▶ YOUR ASSIGNMENT: With pictures left out, set down exactly the lines that begin at the one containing "Kate McEnroe New" and end with the last line of the entries below.

▶ EXTRACTED DATA:
____________________

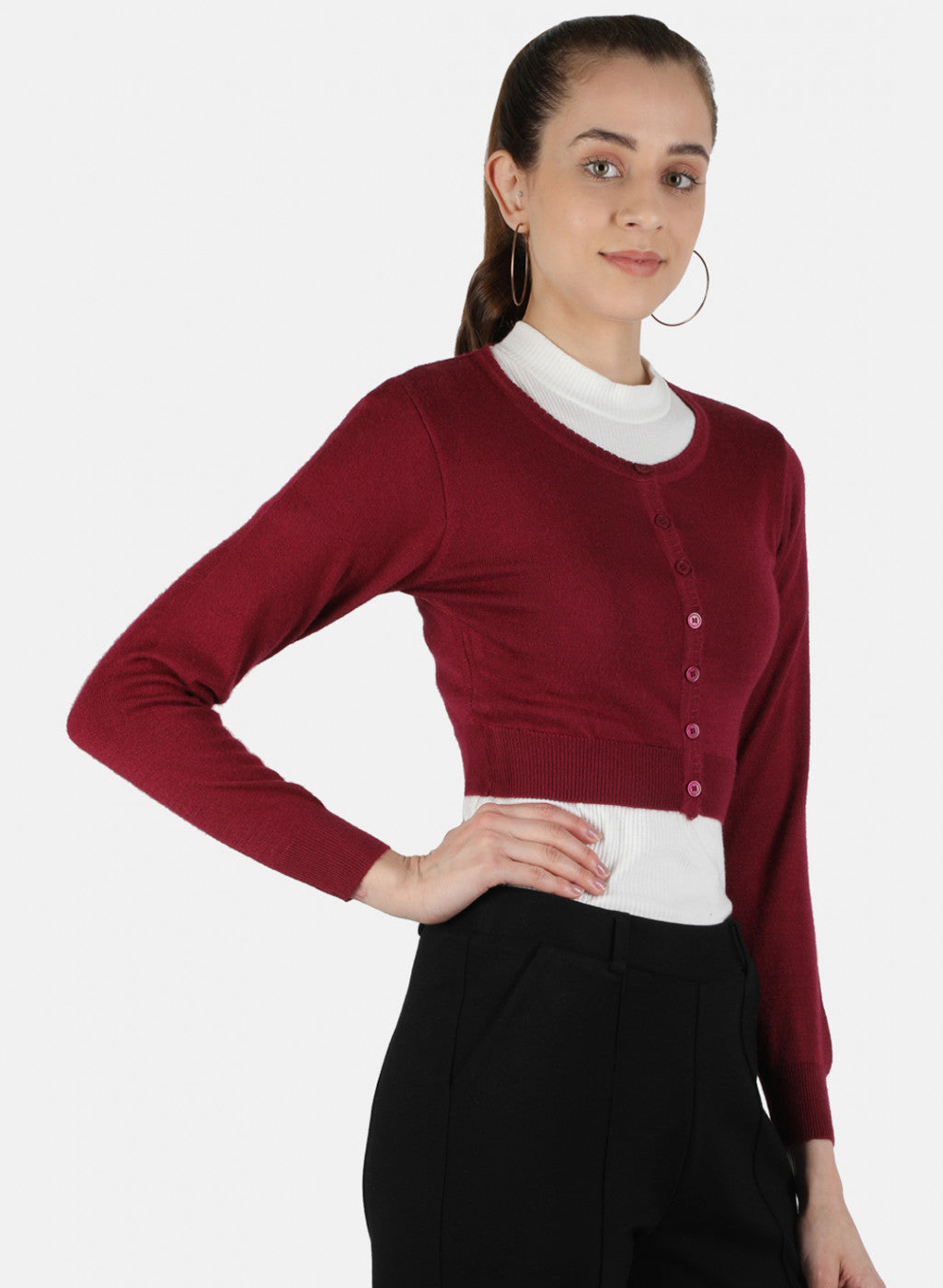 Women Maroon Solid Blouse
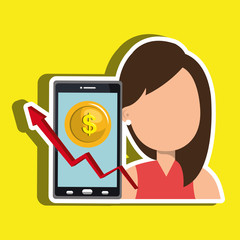 person with economy statistics isolated icon design, vector illustration  graphic 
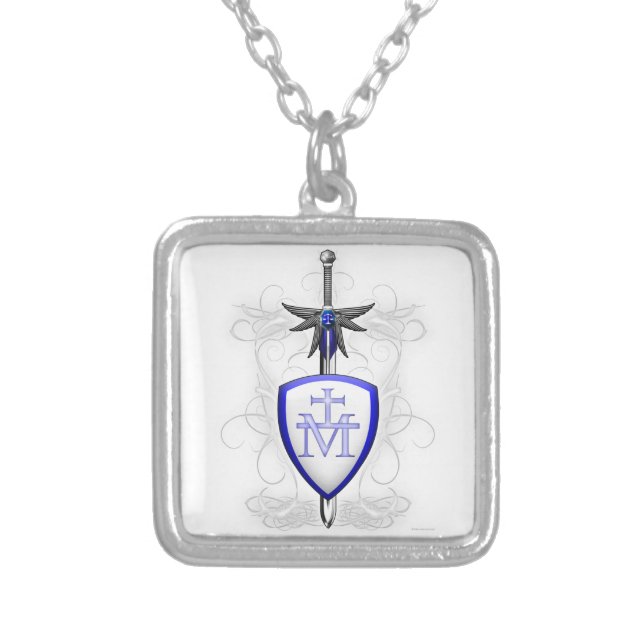 St. Michael's Sword Silver Plated Necklace (Front)
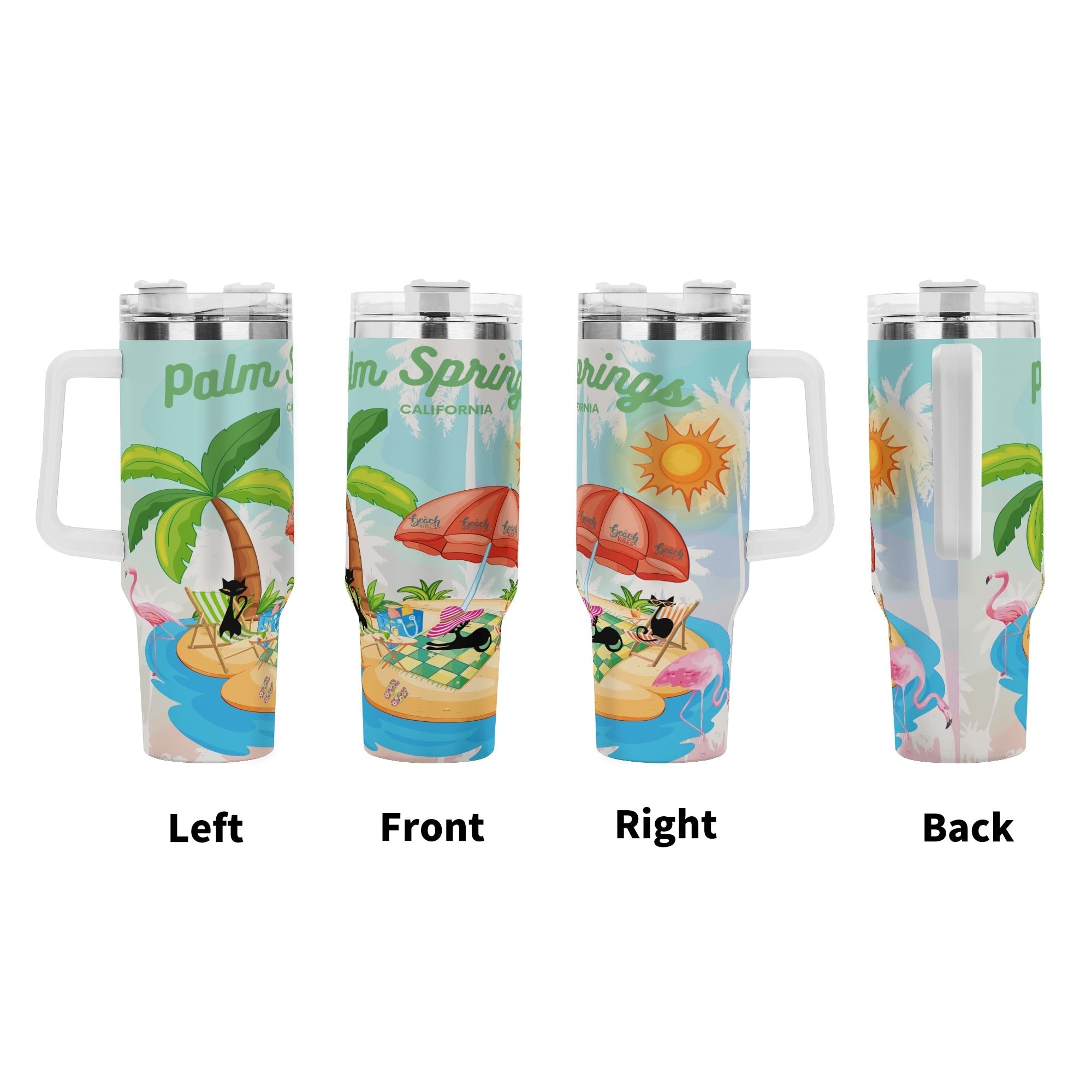 Kate McEnroe New York Atomic Cat Palm Springs Tumbler, Retro Mid Century Modern DrinkwareTumblersN4MX47ZW - 1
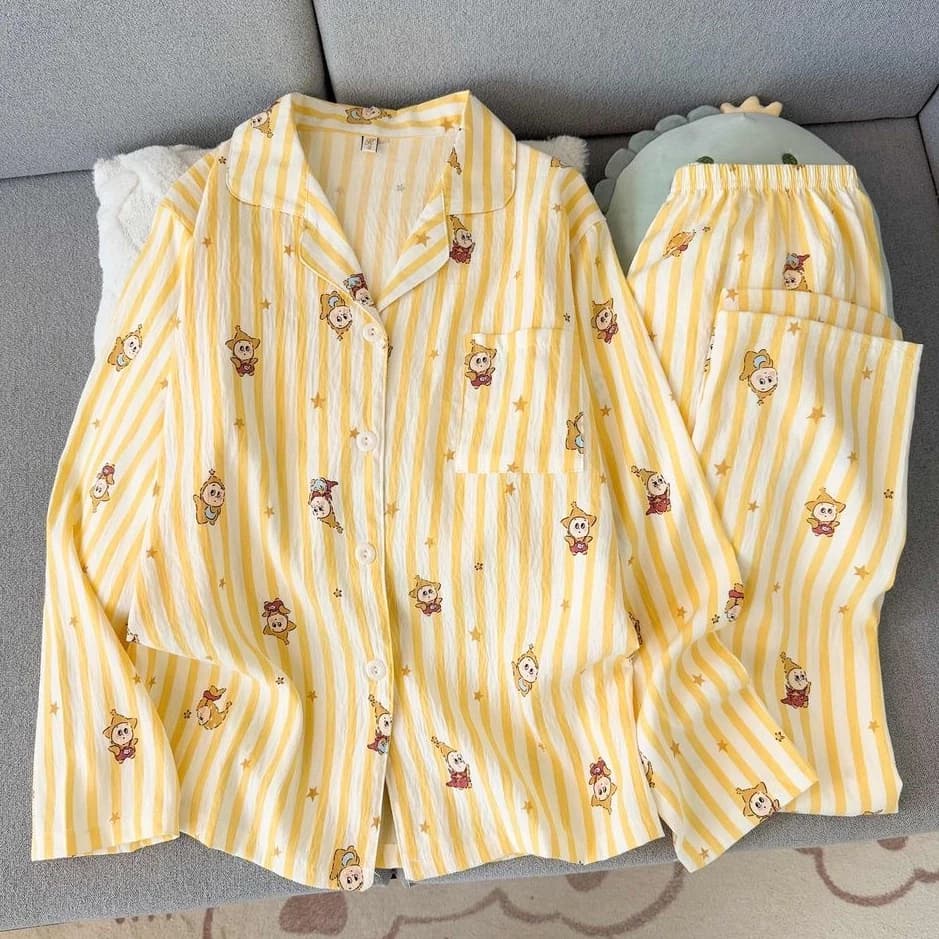 [Sẵn] Bộ ngủ pyjama áo dài quần dài nhiều hoạ tiết mặc nhà xinh xắn dành cho nữ 641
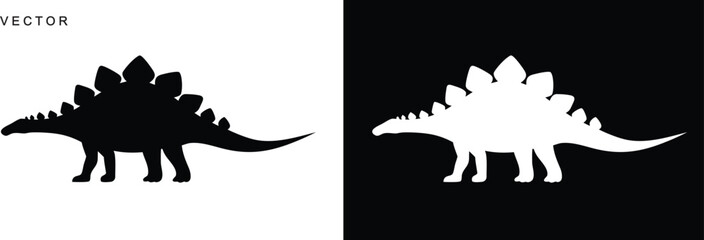 Stegosaurus dinosaur vector silhouette on a white background © Badman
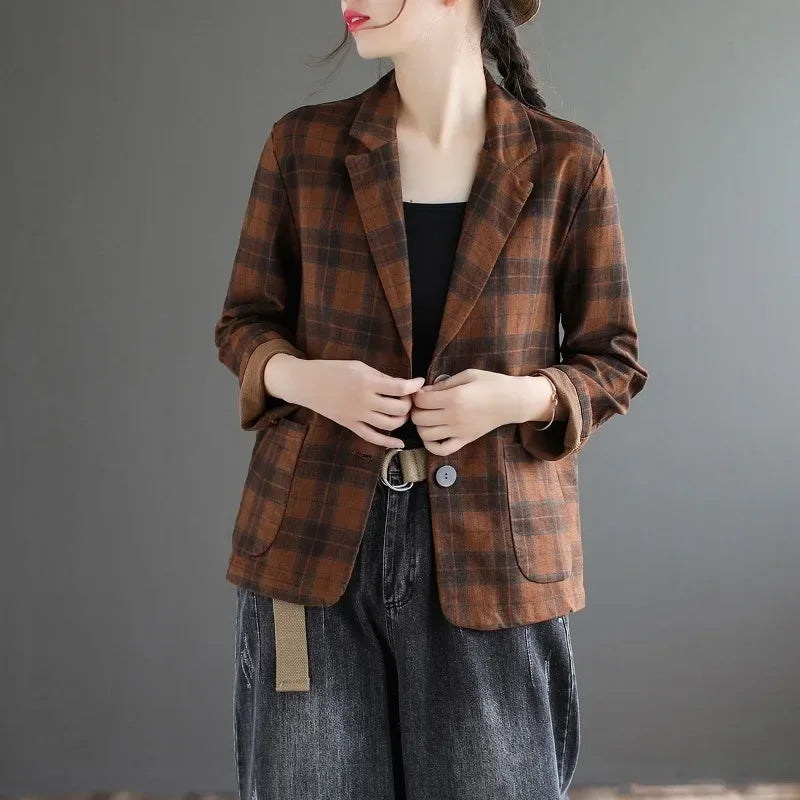 Fashion Chic Cotton Plaid Blazer Female Spring and Autumn New Literary Retro Elegant Commuter Small Incense Wind Jacket Women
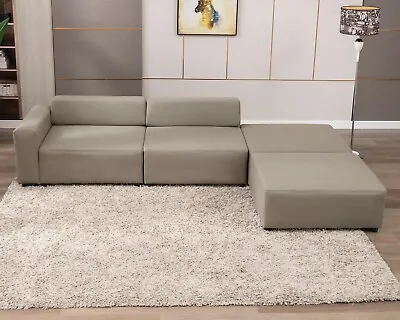 Modular L-Shaped Sectional Sofa Reversible Chaise Couch With Ottomans • $769.99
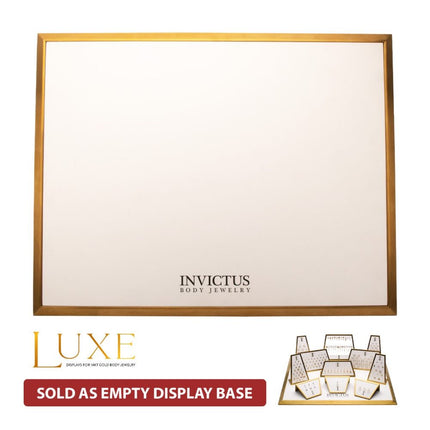 Invictus Satin Brass Frame on White Leatherette with Empty Display Base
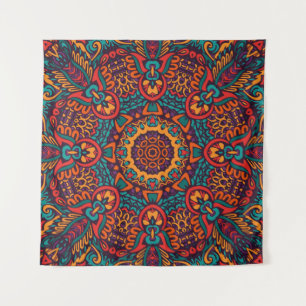 Tribal Festive: Colourful Ethnic Pattern Tapestry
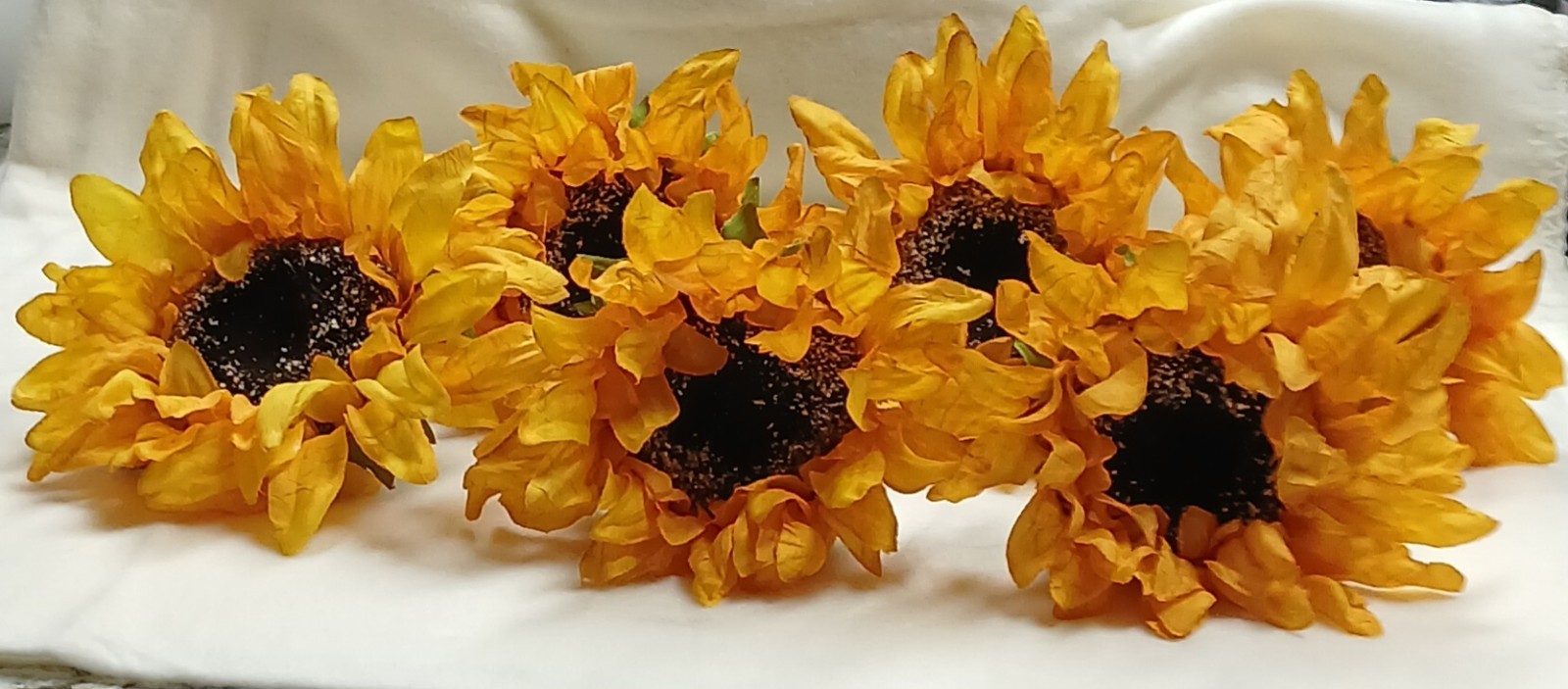 Fall Single Stem Silk Sunflowers, Set Of 6 On 6 In. Stems, New
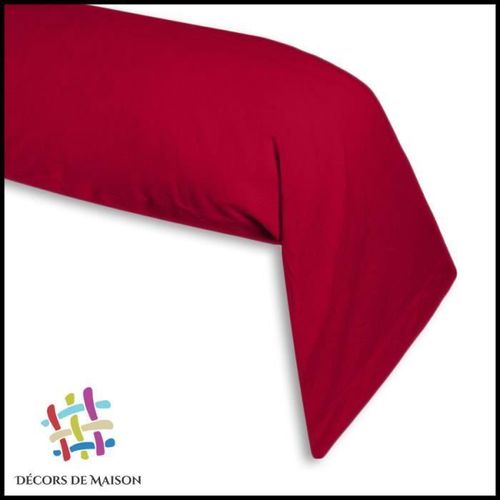 Taie De Traversin En Coton 45 X 185cm-Rouge-Décors De Maiso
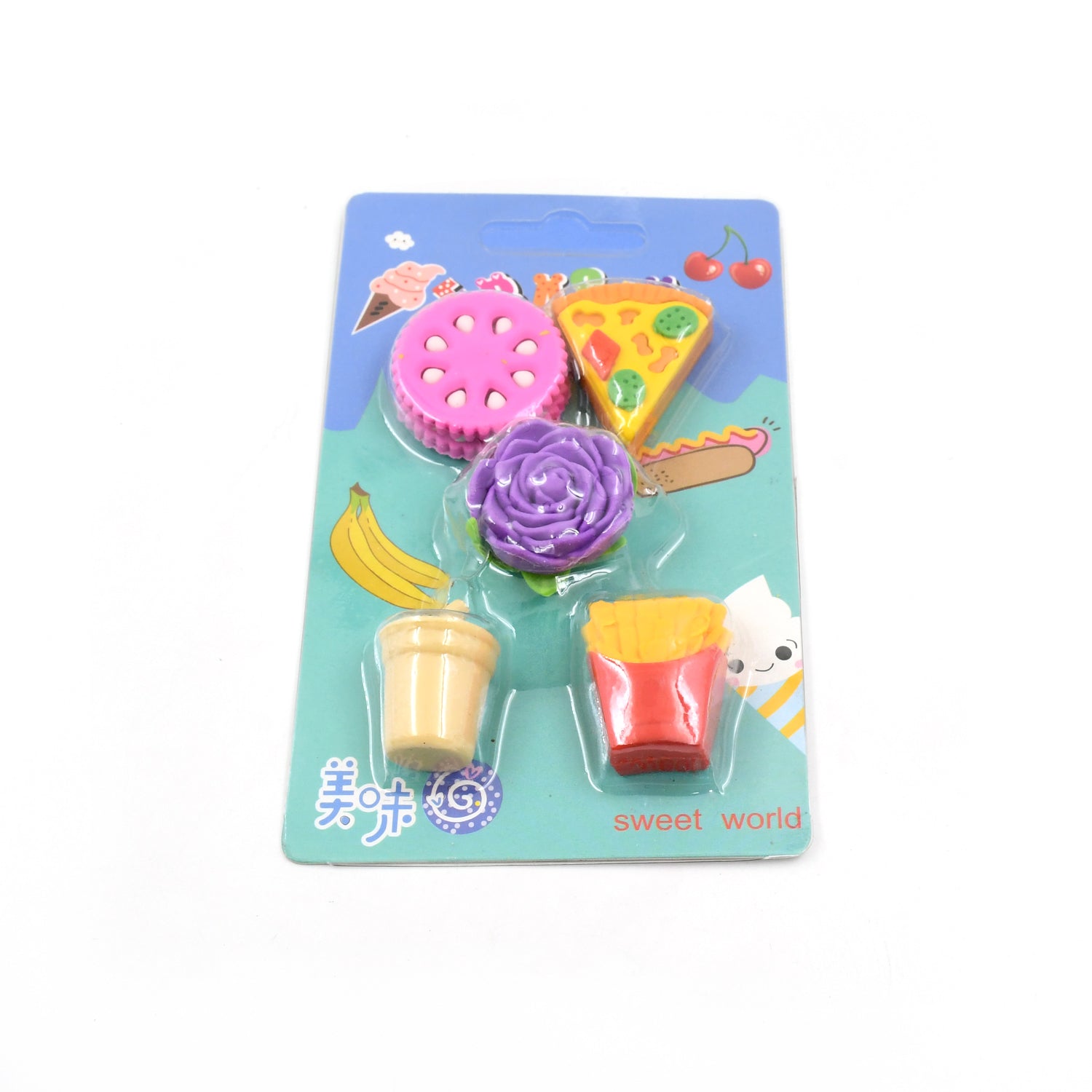 18032 3d Mix Design Fancy  Stylish Colorful Erasers Mini Eraser Creative Cute Novelty Eraser For Children Different Designs Eraser Set For Return Gift Birthday Party School Prize (1 Set)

____________________

▶ ANSWER SPACE:
 Kate McEnroe New York Atomic Cat Palm Springs Tumbler, Retro Mid Century Modern DrinkwareTumblersN4MX47ZW - 1
 [Sẵn] Bộ ngủ pyjama áo dài quần dài nhiều hoạ tiết mặc nhà xinh xắn dành cho nữ 641
 Stegosaurus dinosaur vector silhouette on a white background © Badman
 Fashion Chic Cotton Plaid Blazer Female Spring and Autumn New Literary Retro Elegant Commuter Small Incense Wind Jacket Women
 Modular L-Shaped Sectional Sofa Reversible Chaise Couch With Ottomans • $769.99
 Invictus Satin Brass Frame on White Leatherette with Empty Display Base
 Tribal Festive: Colourful Ethnic Pattern Tapestry
 Fall Single Stem Silk Sunflowers, Set Of 6 On 6 In. Stems, New
 Taie De Traversin En Coton 45 X 185cm-Rouge-Décors De Maiso
 18032 3d Mix Design Fancy  Stylish Colorful Erasers Mini Eraser Creative Cute Novelty Eraser For Children Different Designs Eraser Set For Return Gift Birthday Party School Prize (1 Set)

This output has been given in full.